Dr. Strickler: This update largely confirms the study’s previous results. In general, and certainly for our lower-risk patients, 3 months is just as good as 6 months, so there’s no reason to subject the patient to the long-term risk of serious neuropathy. The DFS and the OS benefit just isn’t there, specifically for patients getting capecitabine and oxaliplatin.

The decision is a bit more challenging for patients who are not candidates for capecitabine and oxaliplatin. Do we feel like this 2% difference in OS is enough to subject a patient to the long-term risk of neuropathy by going out to 6 months for FOLFOX?

Ideally, we would give 3 just months of CAPOX, but not every patient can take CAPOX. It’s something that we will be weighing with our patients, but it’s great to have these choices. I think it’s wonderful, particularly in the COVID era, that we can get away with 3 months, and we can look patients in the eyes and say, “Your outcomes will be identical, and your long-term risk and neuropathy is lower if you get capecitabine and oxaliplatin.” This confirmatory study is very helpful to our daily practice.


References

  1. Kopetz S, Grothey A, Cutsem EV, et al. Encorafenib plus cetuximab with or without binimetinib for BRAF V600E metastatic colorectal cancer: Updated survival results from a randomized, 3-arm, phase III study versus choice of either irinotecan or FOLFIRI plus cetuximab (BEACON CRC). Journal of Clinical Oncology 38, no. 4_suppl (February 01, 2020) 8-8.
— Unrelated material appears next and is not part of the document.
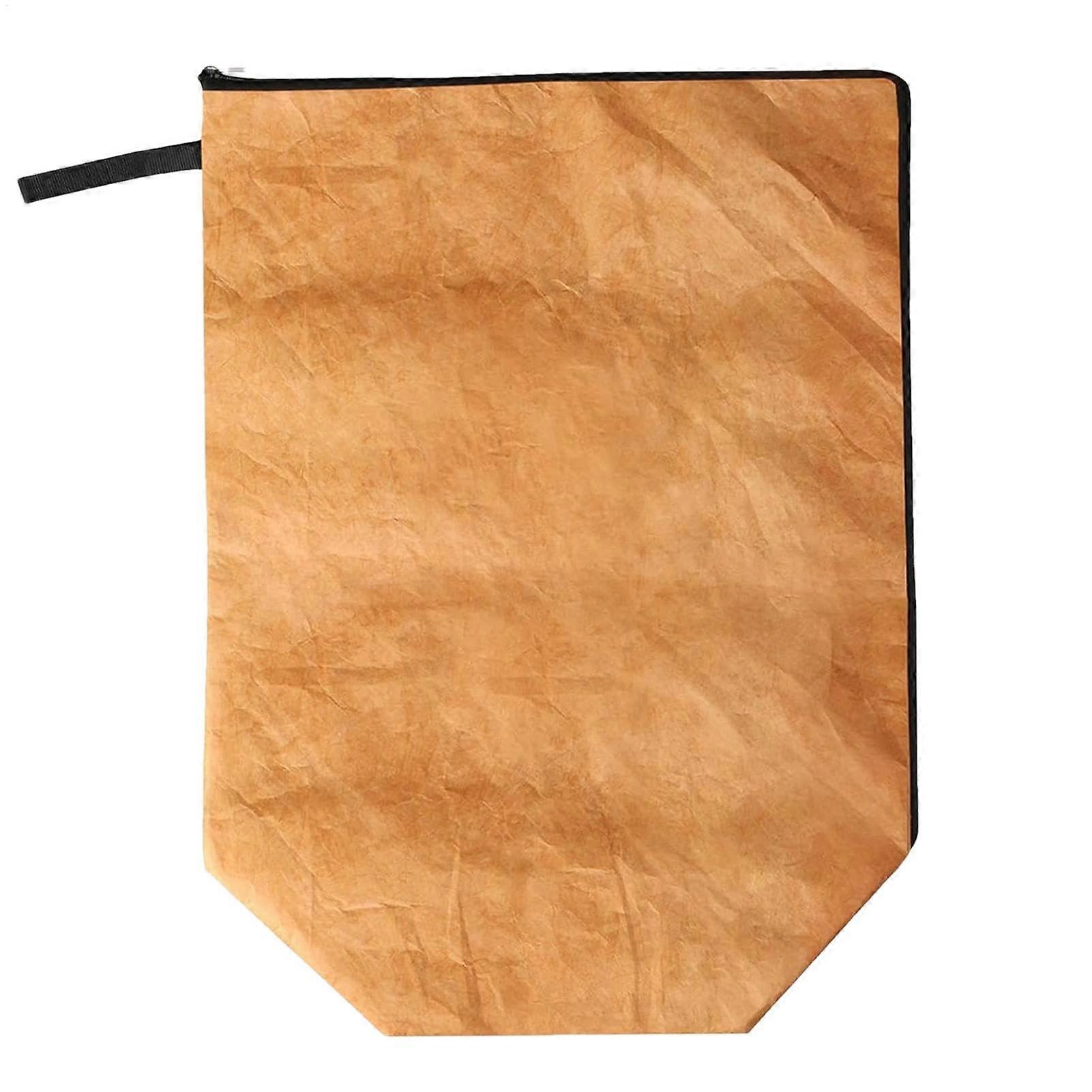 BBQ Meat Blanket Reusable Insulation Foldable With Zipper Steak Storage Bag Large Capacity For Garden Barbecues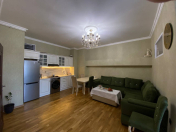 Satılır 3 otaqlı 60 m2 yeni tikili Xırdalan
  2. Siena S, Bartolomeo MD, Raghav K, et al. A phase II, multicenter, open-label study of trastuzumab deruxtecan (T-DXd; DS-8201) in patients (pts) with HER2-expressing metastatic colorectal cancer (mCRC): DESTINY-CRC01. Journal of Clinical Oncology 38, no. 15_suppl (May 20, 2020) 4000-4000.
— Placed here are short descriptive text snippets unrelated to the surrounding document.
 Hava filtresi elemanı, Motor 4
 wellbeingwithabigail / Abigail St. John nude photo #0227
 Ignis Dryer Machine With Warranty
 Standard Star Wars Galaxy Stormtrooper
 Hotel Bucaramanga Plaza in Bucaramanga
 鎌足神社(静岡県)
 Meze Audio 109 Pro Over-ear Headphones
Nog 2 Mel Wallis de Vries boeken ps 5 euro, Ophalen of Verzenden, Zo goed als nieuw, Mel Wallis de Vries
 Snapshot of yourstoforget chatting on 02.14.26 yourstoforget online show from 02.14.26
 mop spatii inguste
  3. Andre T, Shiu KK, Kim TW, et al. Pembrolizumab versus chemotherapy for microsatellite instability-high/mismatch repair deficient metastatic colorectal cancer: The phase 3 KEYNOTE-177 study. Journal of Clinical Oncology 38, no. 18_suppl. Published online June 01, 2020.
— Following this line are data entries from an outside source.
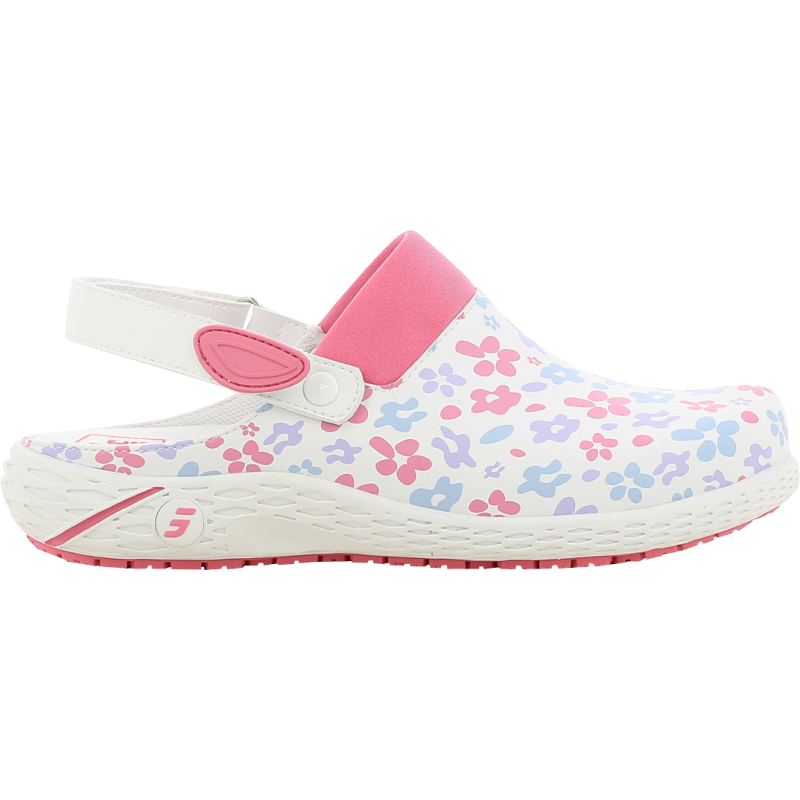 Sabot antidérapant femme Dany Safety Jogger - Confort et sécurité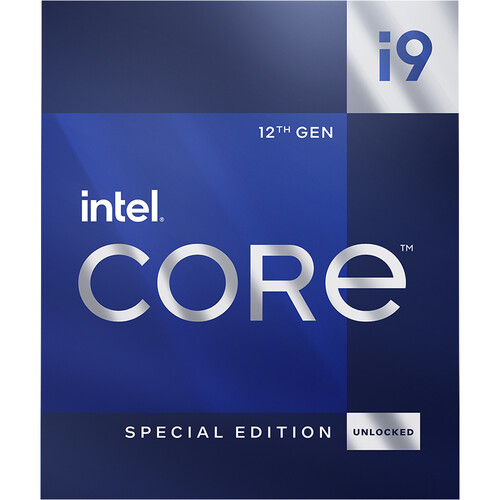 Intel Core i5-12600KF Processor Kit with Acer Predator BiFrost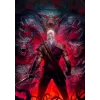 Good Loot komiksų dėlionė: The Witcher (Wiedźmin) Corvo Balta, 1000 vnt.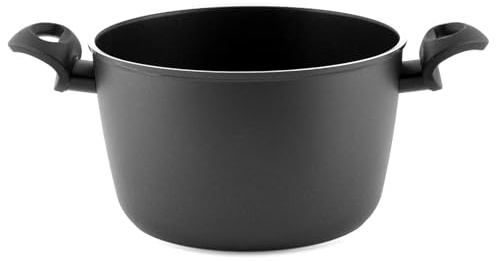 Ballarini Antihaft-Topf, Induktionsboden, 24 cm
  4. Sobrero AF, Andre T, Meyerhardt JA, et al. Overall survival (OS) and long-term disease-free survival (DFS) of 3 versus 6 months of adjuvant (adj) oxaliplatin and fluoropyrimidine-based therapy for patients (pts) with stage III colon cancer (CC): Final results from the IDEA (International Duration Evaluation of Adj chemotherapy) collaboration. Journal of Clinical Oncology 38, no. 15_suppl (May 20, 2020) 4004-4004.
  5. André T, Vernerey D, Mineur L, et al. 3 Versus 6 Months of Oxaliplatin-Based Adjuvant Chemotherapy for Patients With Stage III Colon Cancer: Disease-Free Survival Results From a Randomized, Open-Label, International Duration Evaluation of Adjuvant (IDEA) France, Phase III Trial. J Clin Oncol . 2018 May 20;36(15):1469-1477.